At ConantLeadership, we’re committed to lifelong learning and continuous improvement. In service to your leadership growth, each month we curate the Leadership That Works Newsletter, a digest of timely resources from around the web. We prepare this resource in order to:

  • Share actionable advice from top leadership luminaries
  • Celebrate a range of viewpoints (inclusion is not an endorsement)
  • Contextualize workplace trends through a leadership lens
  • Illuminate cultural recalibrations in the world of work
  • Support your personal development in life, leadership, and beyond

In this month’s Leadership That Works Newsletter: Should leaders be ‘unbossing’ their teams?, the power of ’emotional inclusion,’ how to better develop leaders, get smarter with the ‘protege effect,’ upskilling is an upside in the talent wars, and more.

As alwayswe’re sharing the content from our Leadership That Works newsletter here on our blog in case you’re not subscribed to our mailing list. If you find these links enriching, you can sign up to receive our newsletter right here.

Should Leaders Be ‘Unbossing’ Their Teams?

Some organizations seeking to bolster job satisfaction are “ditching the traditional command-and-control style in favor of a more sovereign approach,” writes Jenn Lim in this Fast Company coverage of a long-growing trend towards offering more autonomy in the workplace. This trend is called “unbossing,” which, despite its name, doesn’t mean doing away with hierarchy completely but does encourage cutting bureaucracy and giving employees more agency, flexibility, and control. Lim says the concept “integrates purpose, values, and behaviors into the rules and regulations,” so that workers know they are not only serving the company’s agenda, but also reaping personal rewards that are aligned with their own values and ambitions. And she outlines four practical ways to intentionally start ‘unbossing’ your team.

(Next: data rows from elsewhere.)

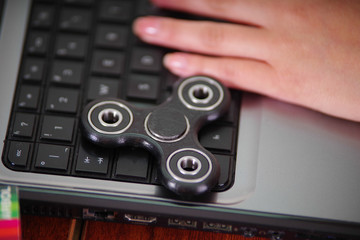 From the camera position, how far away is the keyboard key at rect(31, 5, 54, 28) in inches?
24.3

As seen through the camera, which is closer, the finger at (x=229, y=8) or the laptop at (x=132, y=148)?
the laptop at (x=132, y=148)

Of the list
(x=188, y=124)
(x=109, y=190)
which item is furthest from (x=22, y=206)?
(x=188, y=124)

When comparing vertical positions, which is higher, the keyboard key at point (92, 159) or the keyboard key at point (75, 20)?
the keyboard key at point (75, 20)

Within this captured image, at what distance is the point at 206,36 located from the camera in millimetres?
625

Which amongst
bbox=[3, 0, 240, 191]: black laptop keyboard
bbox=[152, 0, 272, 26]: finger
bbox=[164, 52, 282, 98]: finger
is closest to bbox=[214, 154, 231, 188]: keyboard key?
bbox=[3, 0, 240, 191]: black laptop keyboard

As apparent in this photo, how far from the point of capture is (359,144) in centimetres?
54

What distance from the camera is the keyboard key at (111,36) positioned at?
61 centimetres

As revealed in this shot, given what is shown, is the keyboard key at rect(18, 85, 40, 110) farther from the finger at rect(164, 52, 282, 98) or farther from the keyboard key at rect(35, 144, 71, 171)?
the finger at rect(164, 52, 282, 98)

1. Offer education and training.
2. Have conversations that go beyond tasks and productivity.
3. Test new AI tools and apps to meet employee needs.
4. Support open communication and feedback to ensure people “feel heard, valued, and comfortable with speaking up.”

Get the full story here.

 
**For more on this, explore our coverage of why Stephen M.R. Covey says “a new world of work requires a new way to lead,” focused on “trusting and inspiring people” rather than “commanding and controlling” them.

 

The Power of ‘Emotional Inclusion’

Worker engagement is at an 11 year low in the U.S.” writes Aliza Knox in this Forbes coverage, and she adds that low engagement has “serious business implications” impacting company profitability and employee retention. There are a variety of factors that may cause waning engagement and Knox says one foundational reason may be a lack of “Emotional Inclusion.” “Emotional Inclusion,” a concept created by author Mollie Rogers Jean de Dieu in her book Emotional Inclusion: a Humanizing Revolution at Work, is an approach “that goes beyond traditional inclusion strategies by focusing specifically on the emotional and mental well-being of employees.” There are five steps to getting started with implementing Emotional Inclusion.

1. Promote Open Communication.
2. Provide Training.
3. Recognize Emotional Contributions.
4. Create a Supportive Environment.
5. Lead by Example.

Knox says that “leaders can use this approach not only to address disengagement, but also to lay the foundation for a more resilient, innovative, and successful organization.” Get the full story here.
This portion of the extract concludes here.